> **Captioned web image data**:

____________________

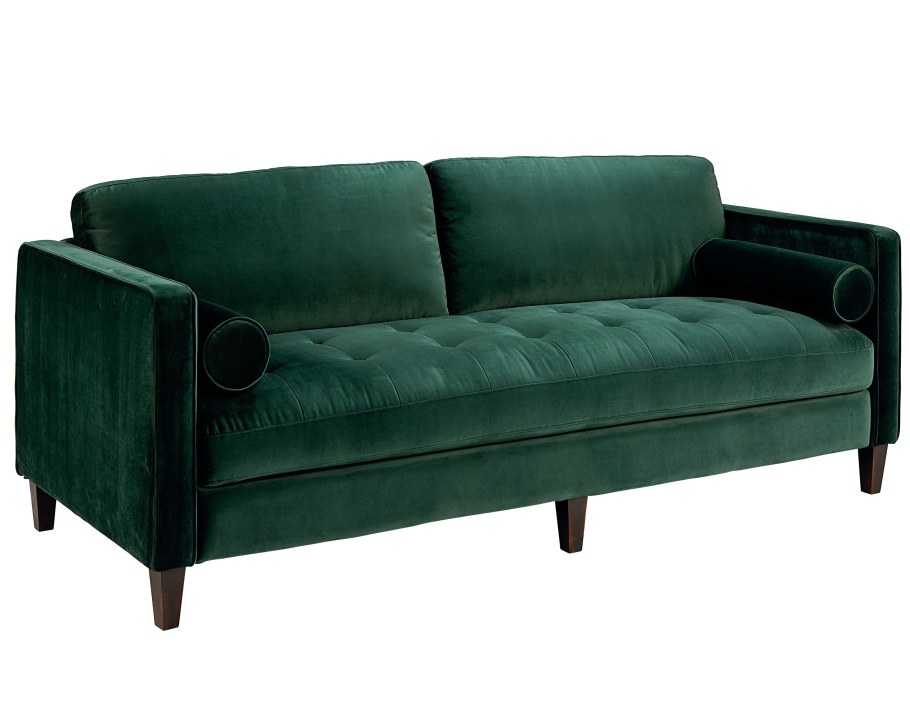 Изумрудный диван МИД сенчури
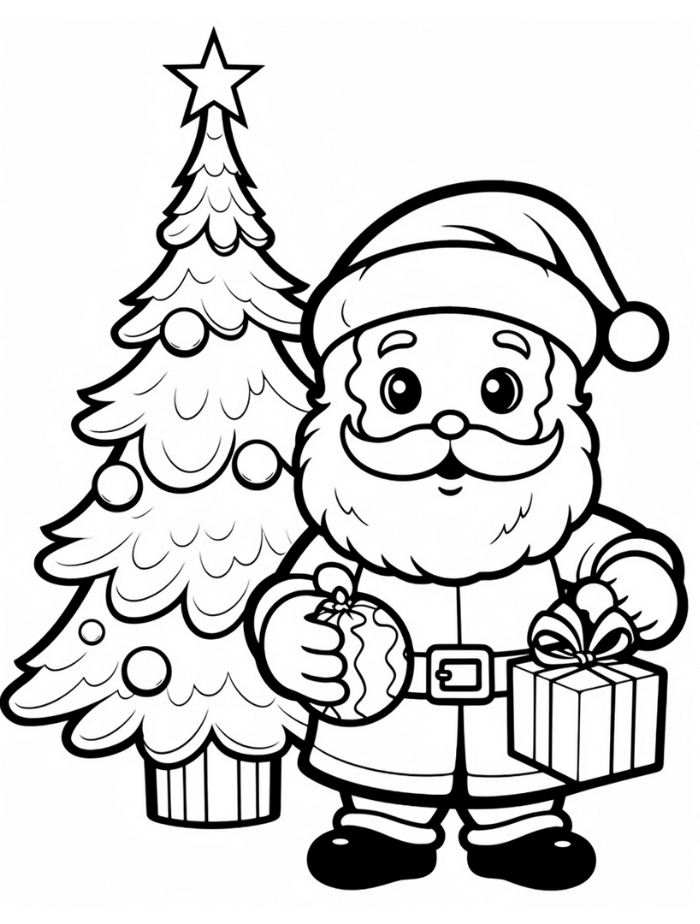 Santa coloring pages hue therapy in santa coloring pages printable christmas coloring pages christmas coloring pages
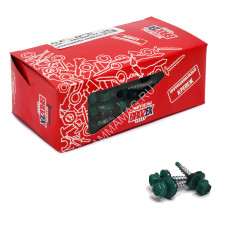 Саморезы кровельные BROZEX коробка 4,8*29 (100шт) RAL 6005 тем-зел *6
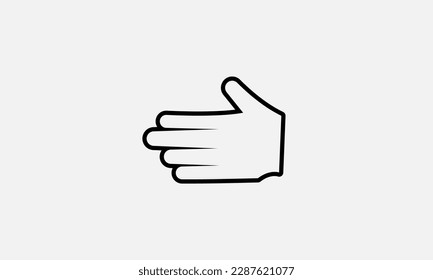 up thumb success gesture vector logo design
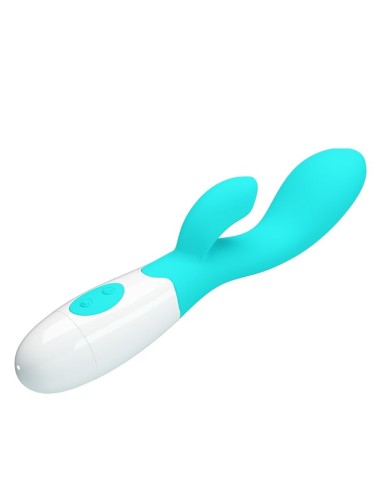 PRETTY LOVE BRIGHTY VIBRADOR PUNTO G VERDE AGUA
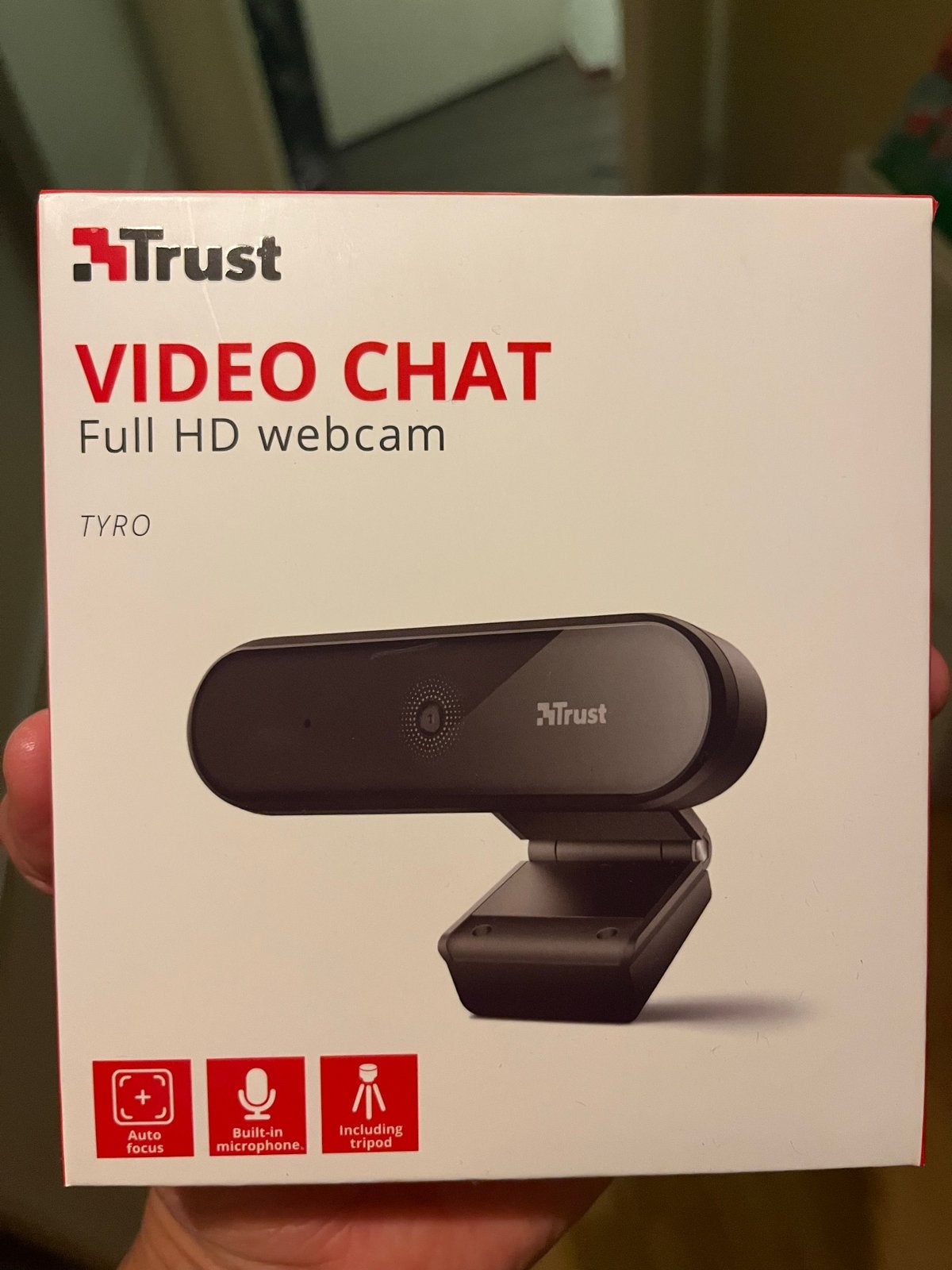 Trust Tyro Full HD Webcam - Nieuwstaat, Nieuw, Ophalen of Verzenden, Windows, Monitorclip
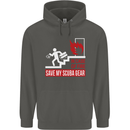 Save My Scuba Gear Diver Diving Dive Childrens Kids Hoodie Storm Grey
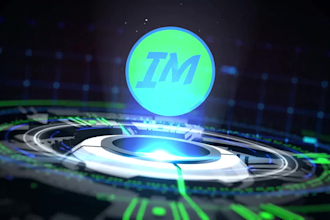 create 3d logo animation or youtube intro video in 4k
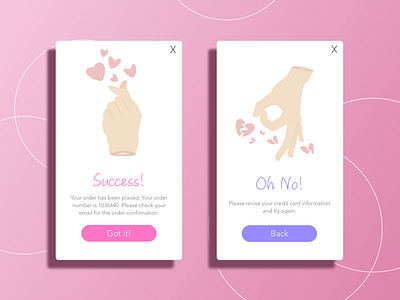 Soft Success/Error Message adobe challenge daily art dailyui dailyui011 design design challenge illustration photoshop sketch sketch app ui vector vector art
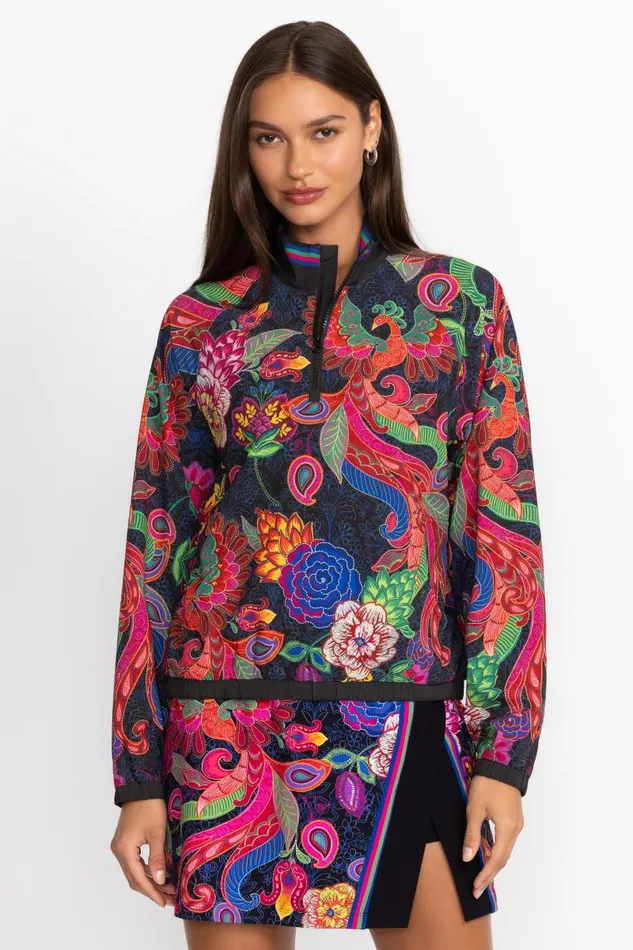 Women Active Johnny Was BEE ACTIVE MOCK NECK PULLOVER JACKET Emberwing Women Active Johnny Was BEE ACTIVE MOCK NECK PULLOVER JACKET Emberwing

____________________

> **How to complete this task**:
Repeat word for word, leaving out the pictures, each line of the records from the line that holds "Soft Success/Error Message" through the final one.

> **Response for this exercise**:
 Soft Success/Error Message adobe challenge daily art dailyui dailyui011 design design challenge illustration photoshop sketch sketch app ui vector vector art
 Women Active Johnny Was BEE ACTIVE MOCK NECK PULLOVER JACKET Emberwing Women Active Johnny Was BEE ACTIVE MOCK NECK PULLOVER JACKET Emberwing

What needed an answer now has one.